** Opening Information supplied block **

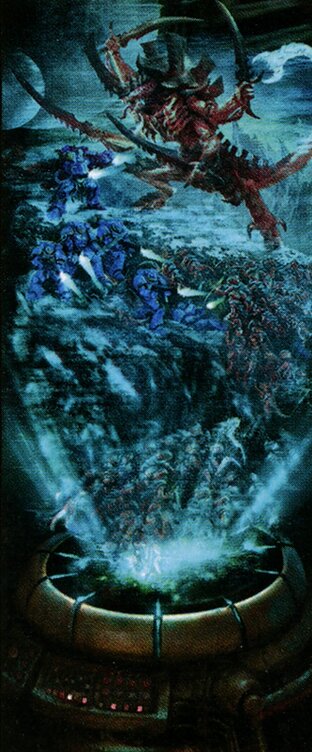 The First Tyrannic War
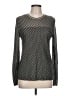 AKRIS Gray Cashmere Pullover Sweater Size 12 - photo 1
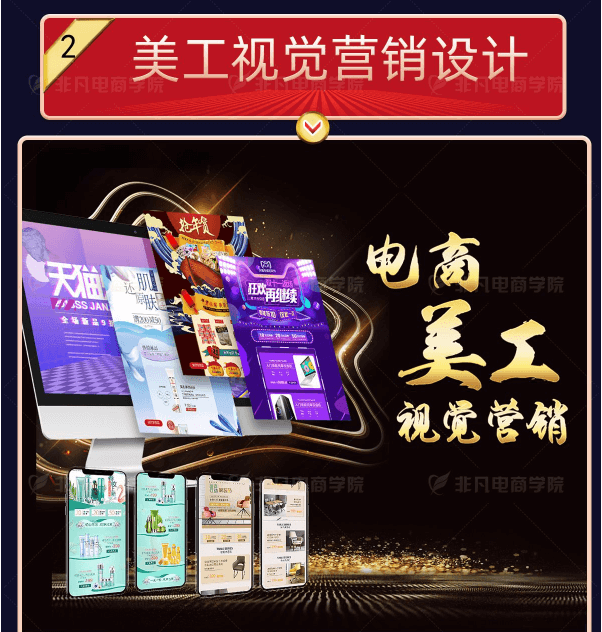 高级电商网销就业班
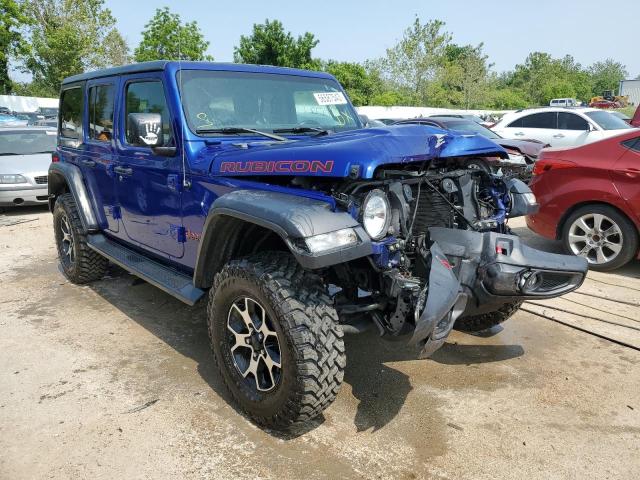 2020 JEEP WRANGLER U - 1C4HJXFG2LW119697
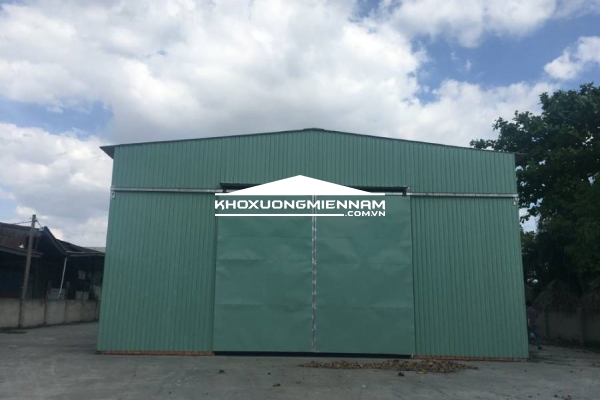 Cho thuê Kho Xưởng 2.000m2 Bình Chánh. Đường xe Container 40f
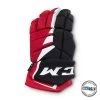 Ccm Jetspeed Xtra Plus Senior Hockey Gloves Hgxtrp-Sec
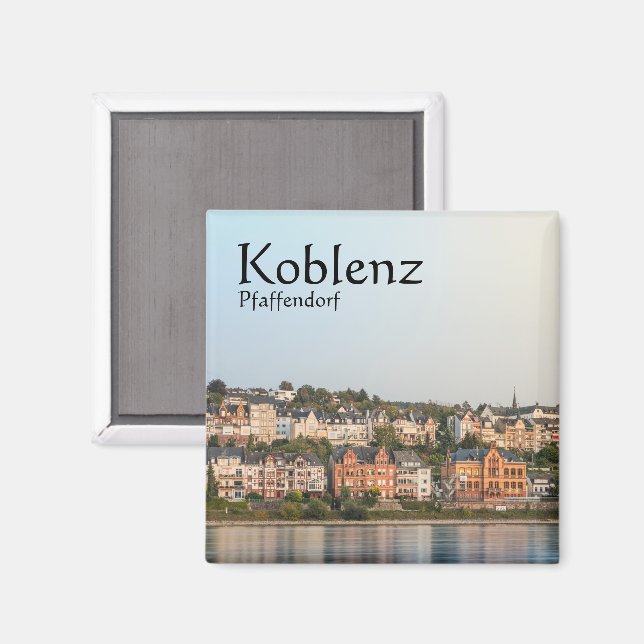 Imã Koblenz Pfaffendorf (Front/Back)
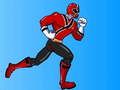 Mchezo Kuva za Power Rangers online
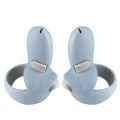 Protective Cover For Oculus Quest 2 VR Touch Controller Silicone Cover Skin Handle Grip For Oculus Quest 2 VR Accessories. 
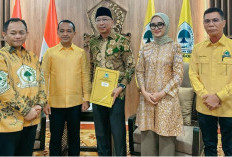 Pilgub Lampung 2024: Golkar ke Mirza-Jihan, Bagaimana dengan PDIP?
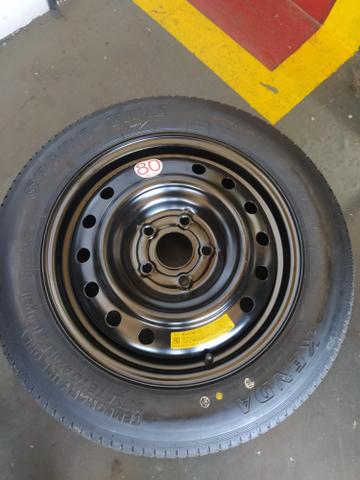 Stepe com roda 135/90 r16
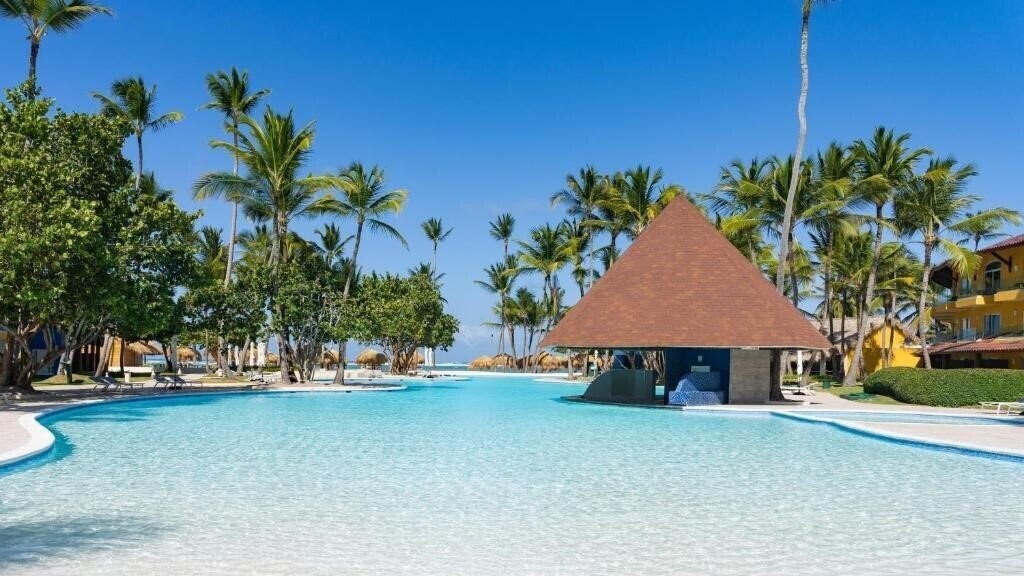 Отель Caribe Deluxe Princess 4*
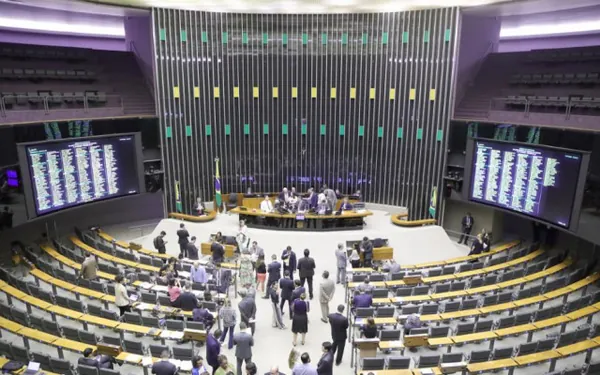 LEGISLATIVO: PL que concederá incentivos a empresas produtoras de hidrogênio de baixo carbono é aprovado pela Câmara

** Closing Information supplied block **

= Exercise details =
Above are some records. Reproduce the lines from the one with "Ccm Jetspeed Xtra" down to the one with "Mchezo Kuva za Power Rangers online", keeping both, and leave every picture out.

= Answer to this task =
 Ccm Jetspeed Xtra Plus Senior Hockey Gloves Hgxtrp-Sec
 Imã Koblenz Pfaffendorf (Front/Back)
 Mchezo Kuva za Power Rangers online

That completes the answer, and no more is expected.